> [Work to complete] Take the entries below and reproduce exactly the portion that begins at the line containing "Time and Tru Women’s Light Gray Loafers" and ends at the line containing "Devant les quais d'Assouan - Égypte", keeping both ends, dropping pictures, and adding nothing else.

> [Available data]

* * * * * * * * *

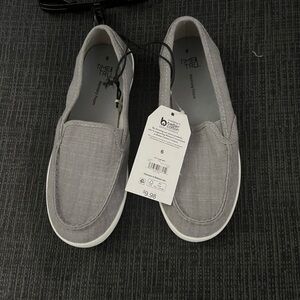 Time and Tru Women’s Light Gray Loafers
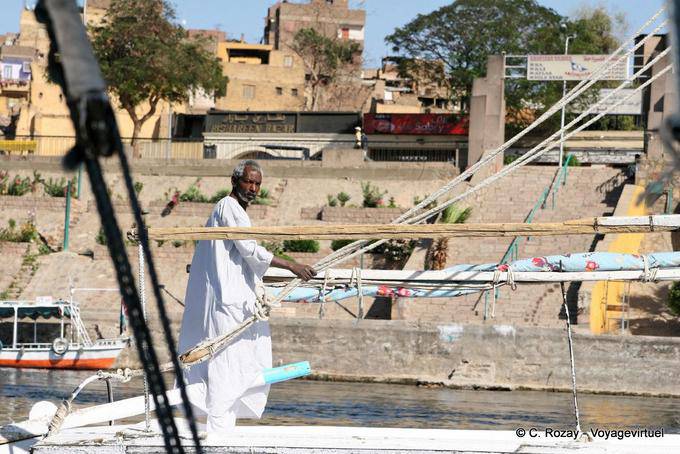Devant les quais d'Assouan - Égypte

* * * * * * * * *

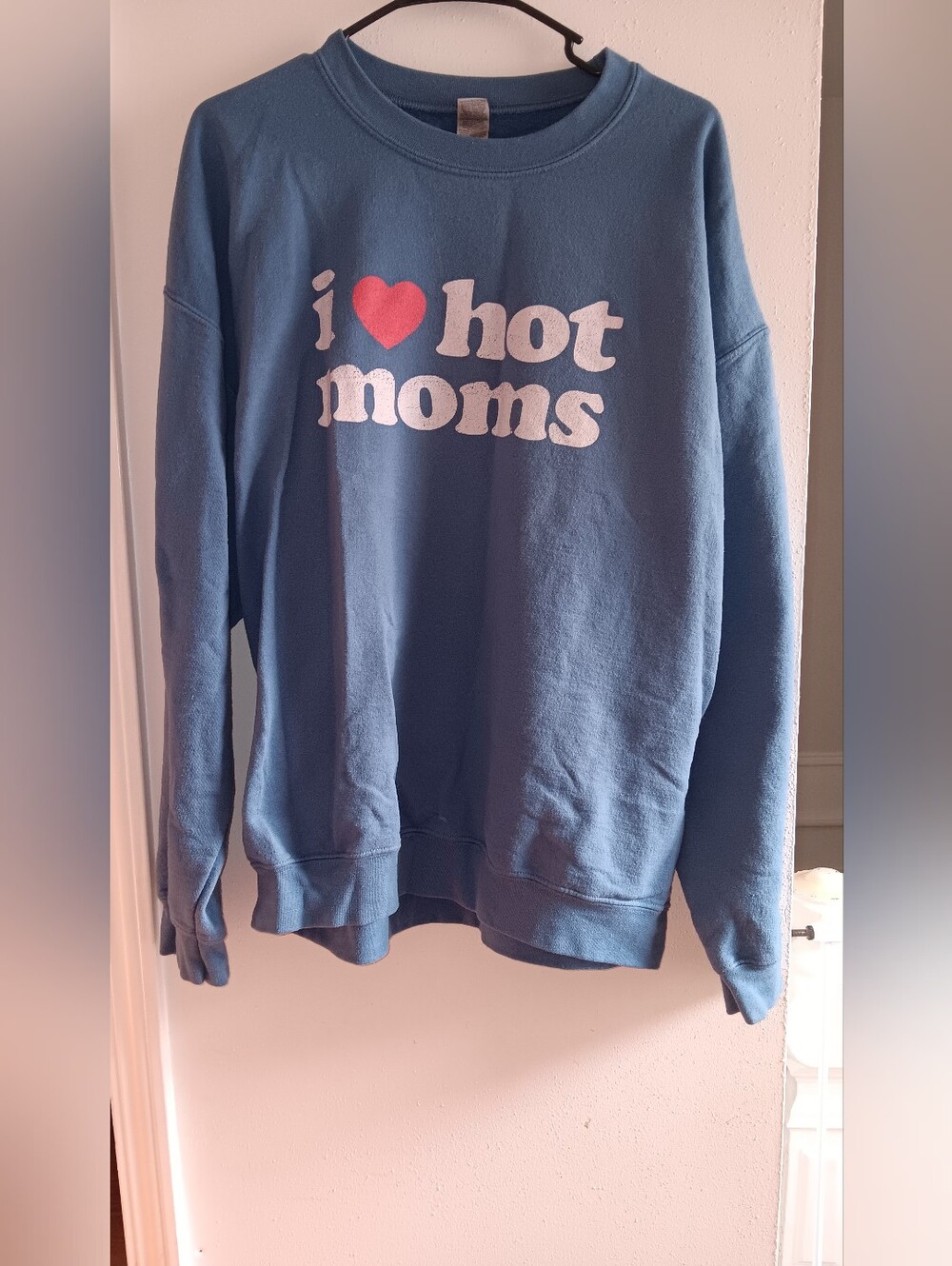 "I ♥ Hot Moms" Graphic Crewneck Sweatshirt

* * * * * * * * *

> [Task solution]
 Time and Tru Women’s Light Gray Loafers
Devant les quais d'Assouan - Égypte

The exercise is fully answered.